_Material supplied_.
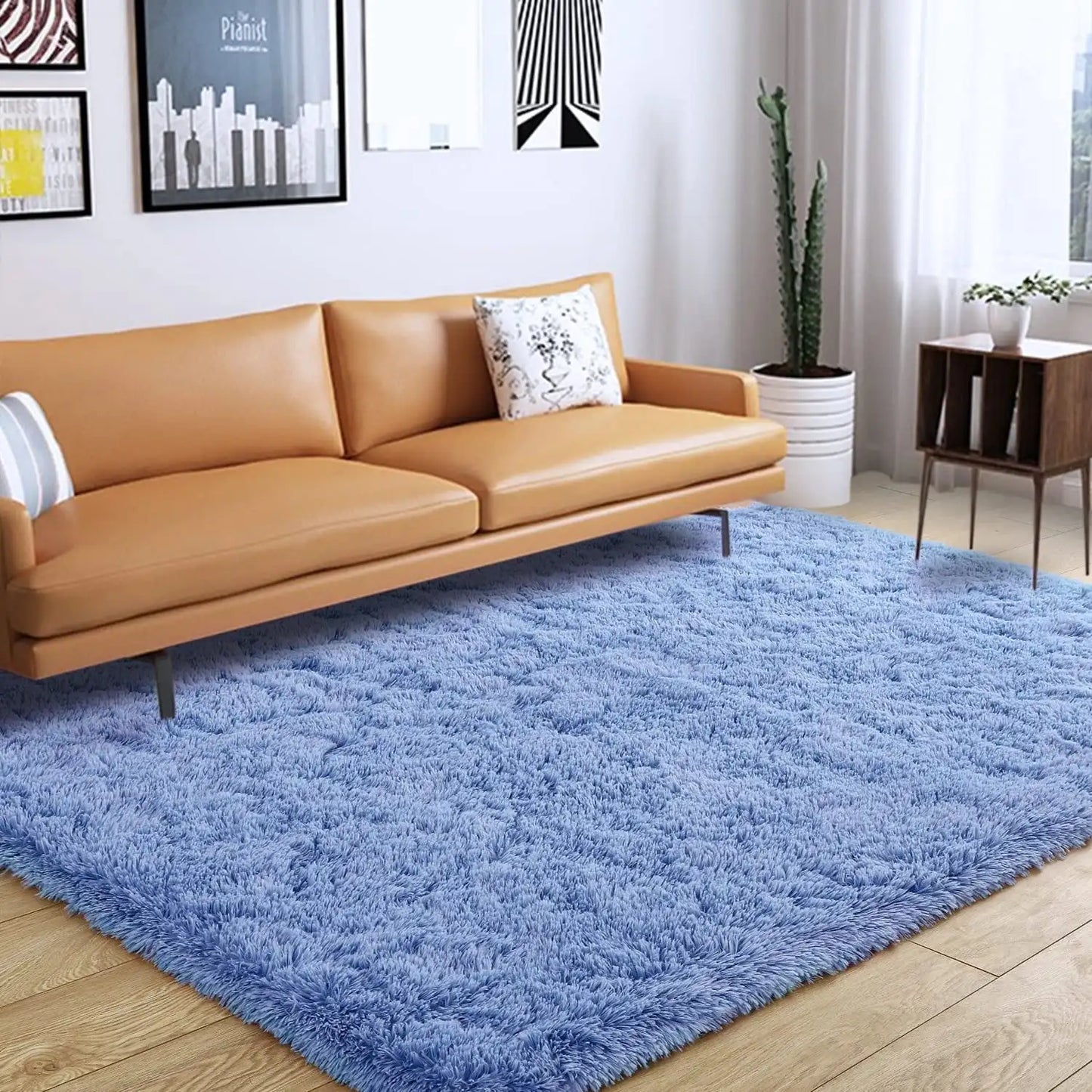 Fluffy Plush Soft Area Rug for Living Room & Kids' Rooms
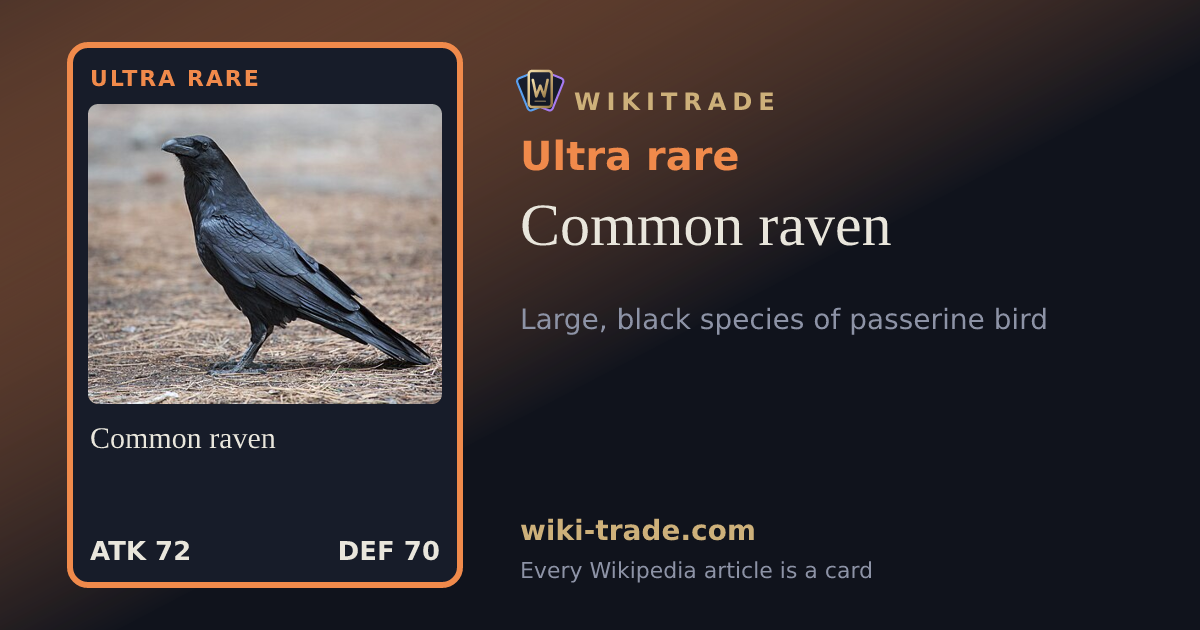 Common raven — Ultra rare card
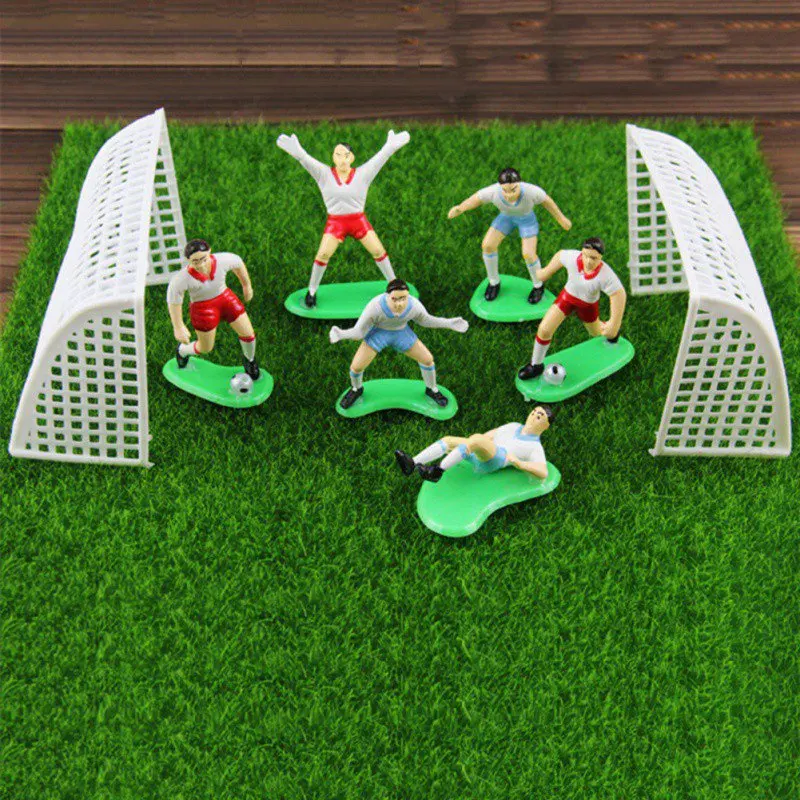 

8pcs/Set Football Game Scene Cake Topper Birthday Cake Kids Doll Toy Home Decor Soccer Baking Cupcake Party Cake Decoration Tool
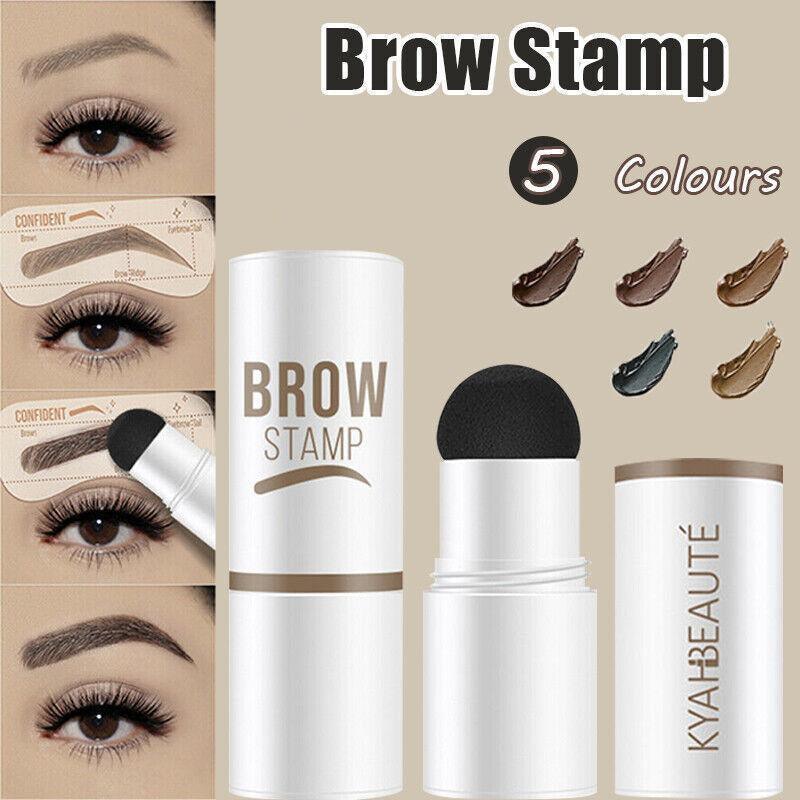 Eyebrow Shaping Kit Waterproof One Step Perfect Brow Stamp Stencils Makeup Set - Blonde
...
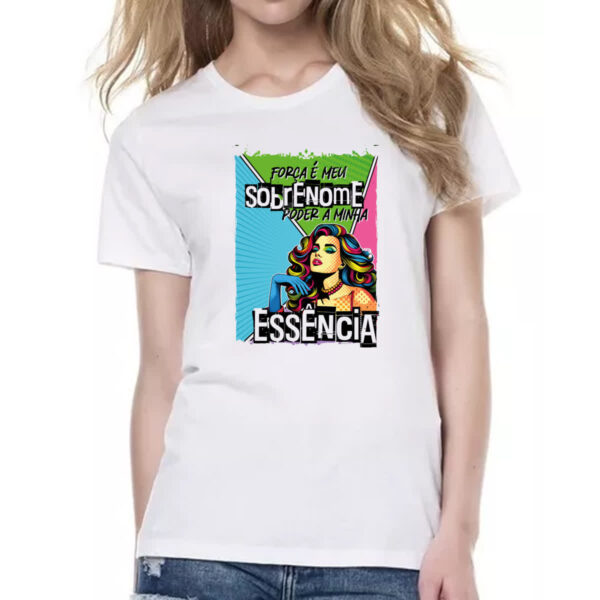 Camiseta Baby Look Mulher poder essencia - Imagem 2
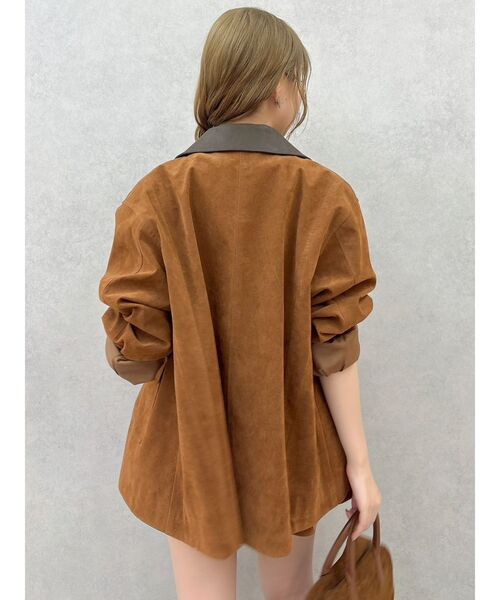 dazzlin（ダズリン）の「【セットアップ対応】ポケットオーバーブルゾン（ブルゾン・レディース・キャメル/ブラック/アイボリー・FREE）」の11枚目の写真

_Exercise instructions_. Everything above from the line containing "Fluffy Plush Soft" through the line containing "8pcs/Set Football Game" must be repeated exactly, and the pictures must be left out.

_Solved problem_.
 Fluffy Plush Soft Area Rug for Living Room & Kids' Rooms
 Common raven — Ultra rare card

8pcs/Set Football Game Scene Cake Topper Birthday Cake Kids Doll Toy Home Decor Soccer Baking Cupcake Party Cake Decoration Tool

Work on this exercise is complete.